ÇOCUKLARINIZI EMPATİ YAPARAK DİNLEYİN

Empati yaparak dinleme, çocuğa güçlü, kabul gören ve yalnız olmadığını hissettiren bir yaklaşımdır.

Çocuğunuzu dinleme sırasında, sizi engelleyen ne varsa uzaklaştırın. Aklınızdan geçen düşüncelerden, diğer aktivitelerden, dışarıdan gelen ve uyaran her şeyden uzaklaşın.

Çocuğunuzun duygularına cevap verin, konuşması için cesaretlendirin.

Sadece dinleyin, çok fazla konuşmayın, doğru anladığınızı kontrol için özetleyin.

“Devam et. Bana daha fazla anlat.” gibi cümlelerle ilginizi belli edin. 

Empatik yönlendirmeler yapın.

·         Cesaret kırıcı kelimelerden ve davranışlardan uzak durun.  

·         Öğüt vermeyin. Genelde çocuklar sadece onları dinlemenizi isterler.
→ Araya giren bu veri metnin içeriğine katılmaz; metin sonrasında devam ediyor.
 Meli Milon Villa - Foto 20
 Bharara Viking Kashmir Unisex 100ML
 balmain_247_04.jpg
Çocuğunuz sizden tavsiye istemediği sürece tavsiye de bulunmaktan kaçının.

·         Kesinlikle aynı durumda olsanız ne yapacağınızı söylemekten kaçının. 
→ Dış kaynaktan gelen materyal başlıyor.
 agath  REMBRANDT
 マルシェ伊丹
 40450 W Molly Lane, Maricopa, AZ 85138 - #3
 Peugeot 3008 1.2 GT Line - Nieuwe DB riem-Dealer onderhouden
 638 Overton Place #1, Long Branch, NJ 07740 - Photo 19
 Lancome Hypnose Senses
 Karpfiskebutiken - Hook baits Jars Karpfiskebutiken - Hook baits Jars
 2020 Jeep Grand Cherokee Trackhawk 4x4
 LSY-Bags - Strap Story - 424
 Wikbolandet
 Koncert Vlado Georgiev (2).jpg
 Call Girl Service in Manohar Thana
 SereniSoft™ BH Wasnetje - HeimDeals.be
·         Kendi değerlerinizi çocuğunuza empoze etmeyin. 

·         Göz temasında olun, ilgisizlik gösteren hareketlerde bulunmayın.
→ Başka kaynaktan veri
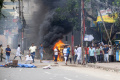 kerusuhan-di-bangladesh-meluas-ratusan-orang-tewas_20240720_065310.jpg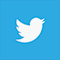 twitter-icon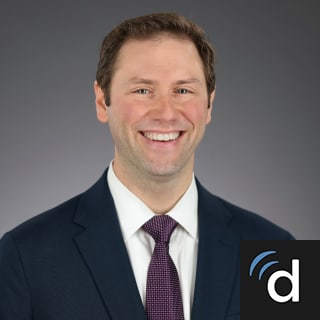 Daniel Sacchetti, DO, Neurology, North Dartmouth, MA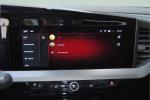 opel-mokka-1-2-hybrid-2025-gasolina-1199cc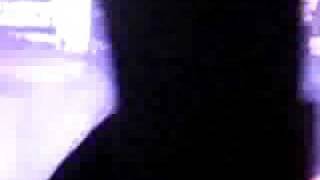 Jonas Brothers-Don&#39;t Take My Heart and Put It On a Shelf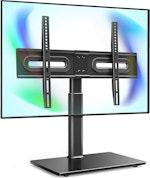 Universal TV Stand with Mount for 32-65 TVs thumbnail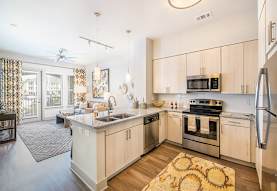 Post Parkside At Wade Apartments Raleigh Nc 27607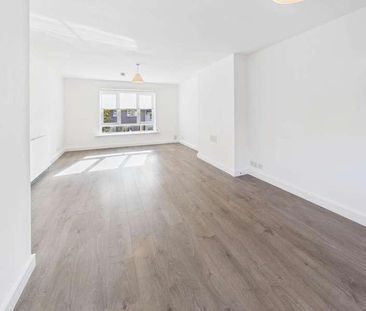 Buchan Green, Calderwood, East Kilbride, G74 - Photo 4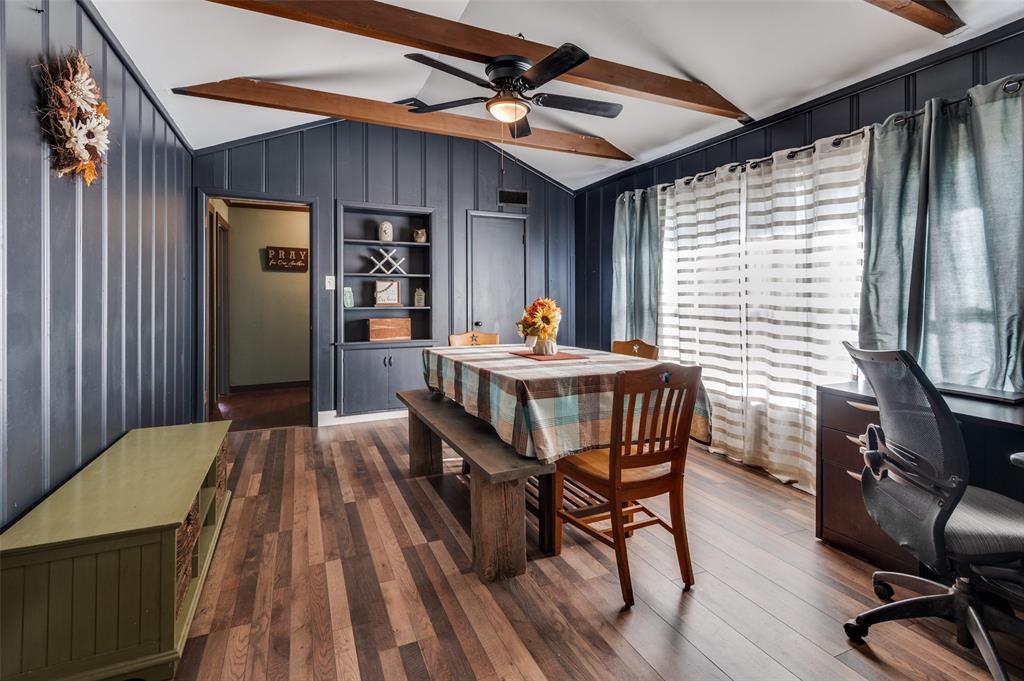 Meadowbrook Hills Add - Residential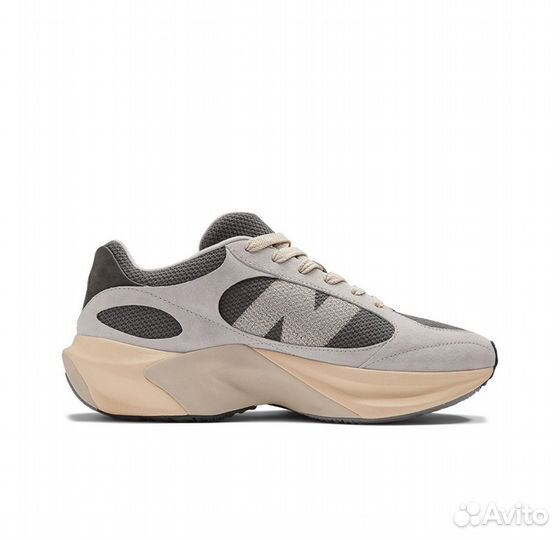 Кроссовки New Balance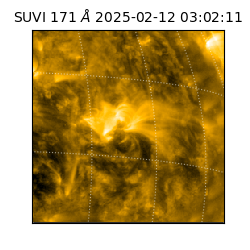 suvi - 2025-02-12T03:02:11.397000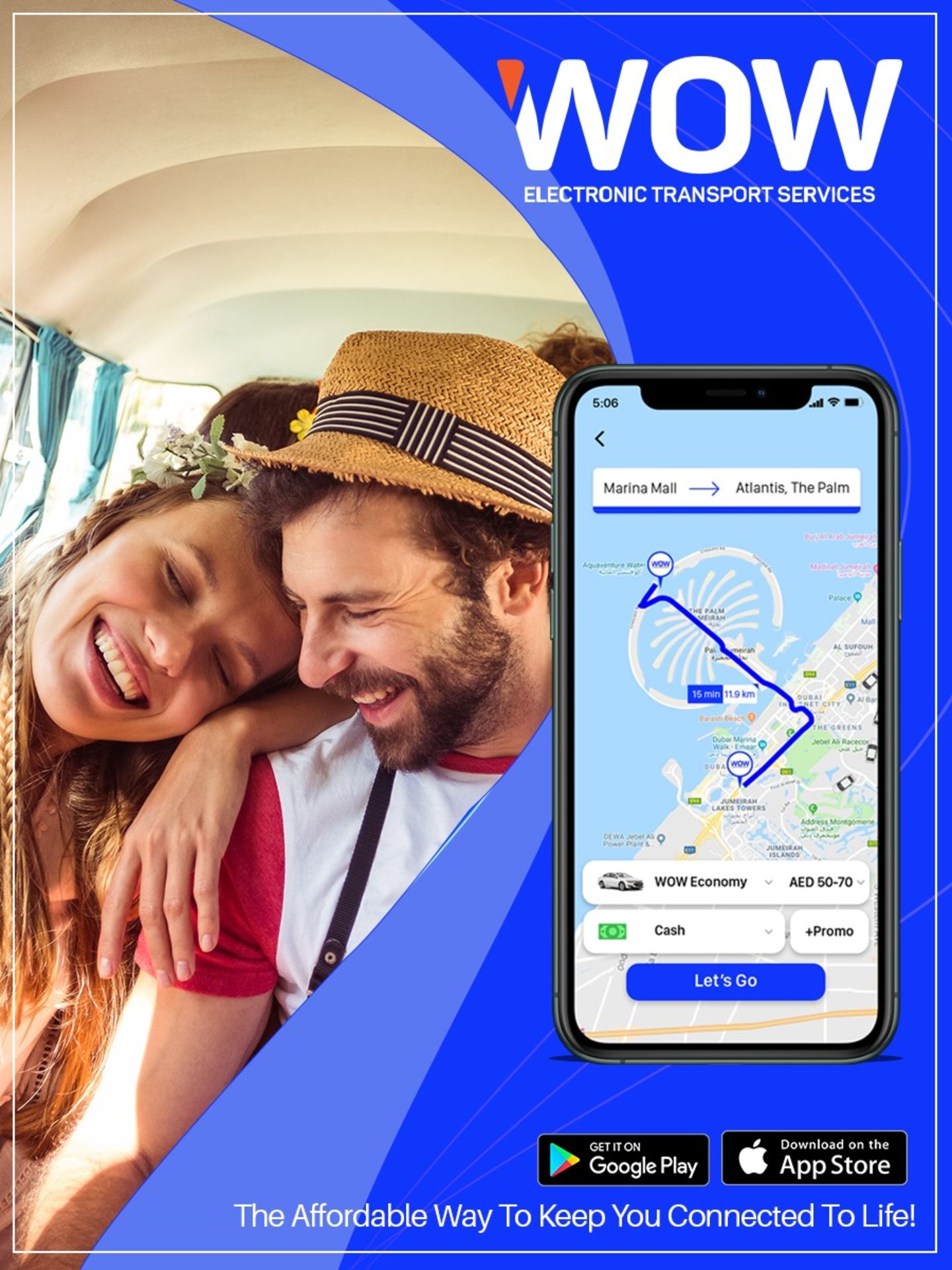 HiDubai-business-wow-electronic-transport-services-transport-vehicle-services-private-transport-trade-centre-1-dubai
·         Cesaret kırıcı olmayın. 

·         Çocuğunuzun duygularını inkar etmeyin.

Örneğin, “gerçekten de öfkeli olamazsın” gibi cümleler kurmamaya özen gösterin. 

·         Zamansız ve yersiz esprilerden uzak durun.

·         Çocuğunuzun duygularını kabul edin.

 

Çocuklarımıza yardımcı olabilmek için onların duygularını kabul etmeli ve saygı duymalıyız.

Çocuğunuz duygularını anlatmak için size gelmişse, sessizce ve bütün dikkatinizi vererek dinleyin, duygularınızı uygun kelimelerle ifade edin.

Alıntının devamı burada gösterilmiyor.